Her heart gave a weak stutter. The knife had sliced deeply, surely more injury than a bloodletting doctor could ever hope to mend. She laughed, a wet cough of blood in her mouth. I have no more blood to let.
Her leaden arms were numb, but she kept her left fist buried hard in the gaping wound in her chest to staunch the flow. Perhaps she could use her fingers to manually pump the damaged organ if her heart ceased beating before she reached the laboratory.
Barefoot, she staggered onward. The loud clang of her left foot echoed eerily in the endless night. A particularly vicious case of gout had crippled her father, until she’d managed to construct a new golden foot for him. Then she’d contracted the same debilitating illness, giving her incentive to improve on the prototype.

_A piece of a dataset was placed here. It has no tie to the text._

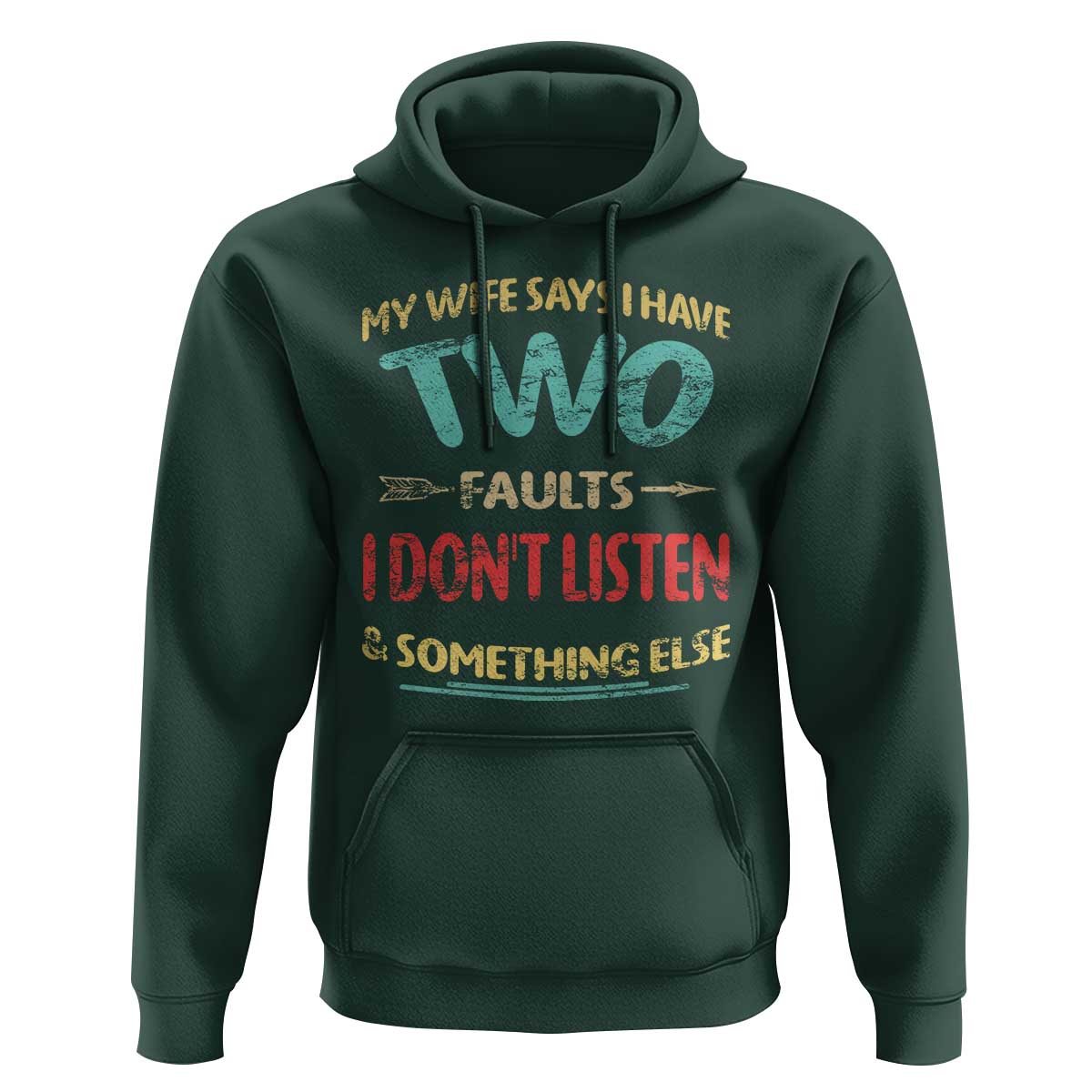 Funny Husband Hoodie Retro My Wife Says I Only Have Two Faults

Despite the failing weakness of her injured heart, the foot of delicate gears and gleaming metal still worked to balance her weight perfectly, arching and pushing against the treacherous cobblestones to propel her another pace closer to her sanctuary. If she died on this filthy street, she daren’t guess how long it might take for one of the poor to gain the courage to cut off that golden limb.
She shoved the door open so hard the wood rebounded on the wall. Her assistant, Mr. Moreland, whirled around with a copperwhirl in one hand and a magnifying glass in his other. “My lady! Anne, come quickly!”

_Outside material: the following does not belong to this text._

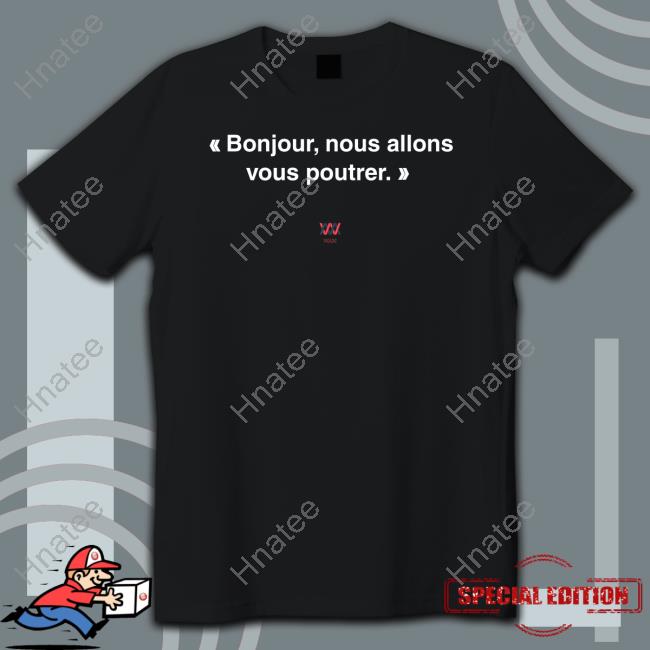 Bonjour Nous Allons Vous Poutrer Shirt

With a swipe of his arm, he cleared the high table, heedless of his project. Mary glimpsed only bits of wire and cogs before the construct shattered on the floor. He scooped her into his arms and gently lay her on the table.
“Heart,” she gasped out through frozen lips.
With a comforting squeeze to her shoulder, he smiled. “Never fear, my lady; I know exactly what to do. How fortuitous that you were already experimenting on a replacement!”
The clockwork heart had been the natural progression of her work. After she’d accomplished foot replacements on her father and herself, she’d returned precious music to a violinist whose hand had been crushed in a carriage accident. His tearful gratitude and charm had been so considerable that she’d married that handsome young—but extremely poor—Italian. Not only had she returned his music, but she’d also gifted him with her heart.
She’d never intended to make the latter a physical exchange.
As calmly as though his mistress stumbled through the door every day requiring massive surgery to preserve her life, Mr. Moreland strode to the cabinets and began selecting the tools he would need. She heard the muted, frightened questions from Anne, the maid-of-all-works they were training to be an assistant, and his soothing response, although their words made little sense.
Fog still enfolded her, cold and heavy. Too heavy to breathe. Too cold to ever be warm again. Her heart beat out a ponderous dying waltz. She counted a slow twenty, chest aching with agony, until the next beat.
Tears trickled down her cheeks. Love had blinded her. Love had killed her.
Her heart gave one last desperate painful thump in her chest and she sank into the billowing fog.